Blixen’s third section, “Visitors to the Farm,” tell of locals who saw the coffee plantation as a safe place from the local violence and tyranny that appeared to be in an upswing while she was living there between 1914 and 1931. The section shows how there were still some viably safe places that were resistant to the growing typical aggression in Kenya, but also managed to humanize many of the locals, showing that not everybody was an aggressive militant. The fourth section, titled, “From an Immigrant’s Notebook,” is a brief collection of Blixen’s subchapters in which she reflected on her life, and what it meant to be a white African colonist in Kenya. In the final section, Blixen explains that the farm has failed financially. She also recounts the unfortunate and untimely deaths of many of her closest friends in Kenya. Out of Africa ends as the farm is being sold. Blixen travels on the Uganda Railway to the coast, watching the Ngong Hills fade into the distance as if to remind the reader of her first words, “I had a farm in Africa, at the foot of the Ngong Hills.”

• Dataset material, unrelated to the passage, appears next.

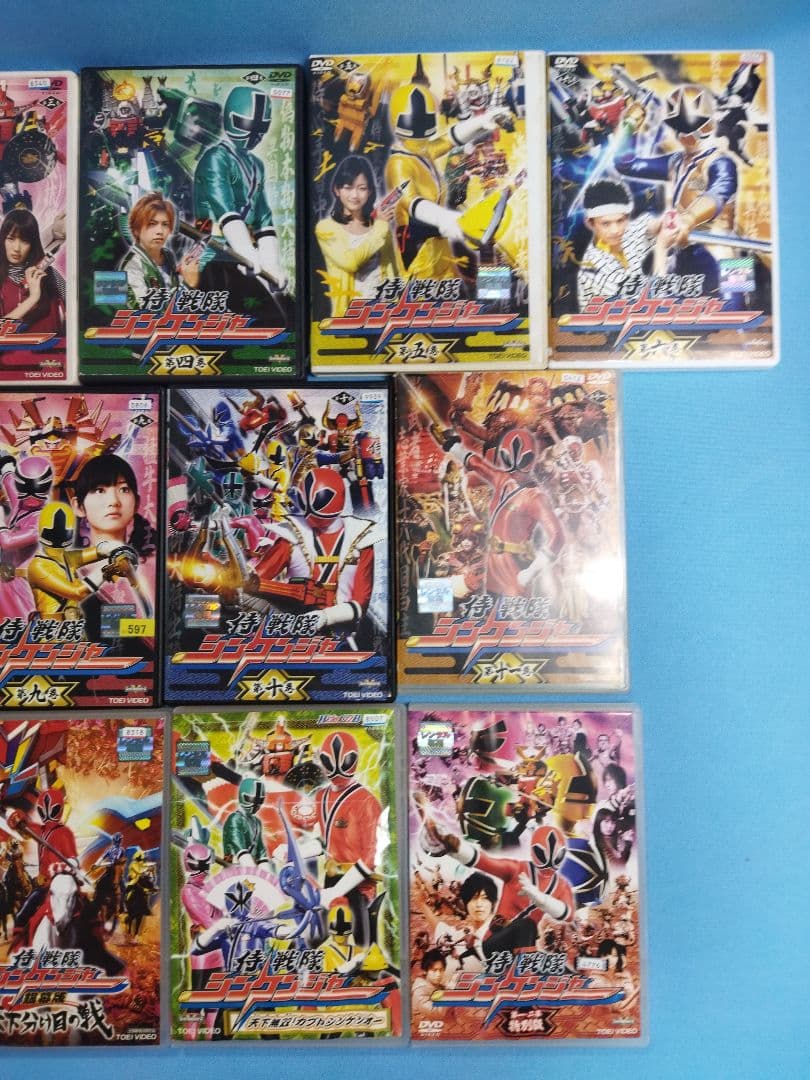 侍戦隊　シンケンジャー　DVD 全12巻+関連DVD4本　合計16本セット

The novel is, primarily, overwhelmingly melancholic. There are few instances that are overladen with pure happiness or joy. Blixen’s love of the farm was born out of the death of her marriage. She came to settle in Kenya with her husband and when that was a failure, she chose to stay behind and manage the plantation. Without meaning to, perhaps Blixen suggests that the best parts of our lives can grow out of the worst moments. The novel is also increasingly mournful. Five of the primary characters in Blixen’s life die, and their deaths are explained in detail, though there is little reason to do so with such emphasis. It was almost as if Blixen was still grieving for the lives of her characters. The sorrow and nostalgia felt so deep that the reader is quickly reminded the individuals are not simply characters, but people Blixen knew in real life. As the story unravels, it is easy to forget one is reading a memoir. As the novel progresses, though there is no clear frame of time for each situation, Blixen begins to speak more clearly about her feelings of sorrow and loss for having left Africa behind. She accounts for the economic disparity and the issues with her failed plantation. She comments in an almost sardonic manner about the impending loss of her plantation, clearly in denial about the situation. It is only in the final days, before the plantation is officially repossessed, that she realizes she has lost everything in Africa that she has truly grown to love.
In sum, Blixen did a good, if not heart wrenching job, at showing the feelings of sorrow, loss, and denial one goes through when finding a home in a new land after losing everything. She settled in Kenya, attempting to make a new life for herself on the coffee plantation after her marriage disintegrated. Through she was admittedly out of place, she managed to carve a niche for herself and eventually, with the current turmoil of the country, she was able to establish the coffee plantation as somewhat of a sanctuary for the locals. She felt at home within their customs; the vibrant background of Kenya became her safe place. She loved her new home, her life, and the people so deeply that she was unable to face the economic failure that eventually took the plantation, rendering her homeless. It is not until she is traveling toward the coast at the end of the novel that she realizes she has lost everything and must start again somewhere else. I thoroughly enjoyed the memoir. The author managed to convey the sorrow and loss of her situation by conveying melancholy instead of creating a sappy story that nobody could relate to easily. Her sardonic denial is relatable, even in her dire situation, because upon further analysis I could not say I would have acted any differently when the situation was so severe for my closest friends, my home, or myself. Blixen found a place she could make her home, and it crumbled all around her until she was forced to leave Africa even though she was not a local, making this piece even more compelling than others like it do.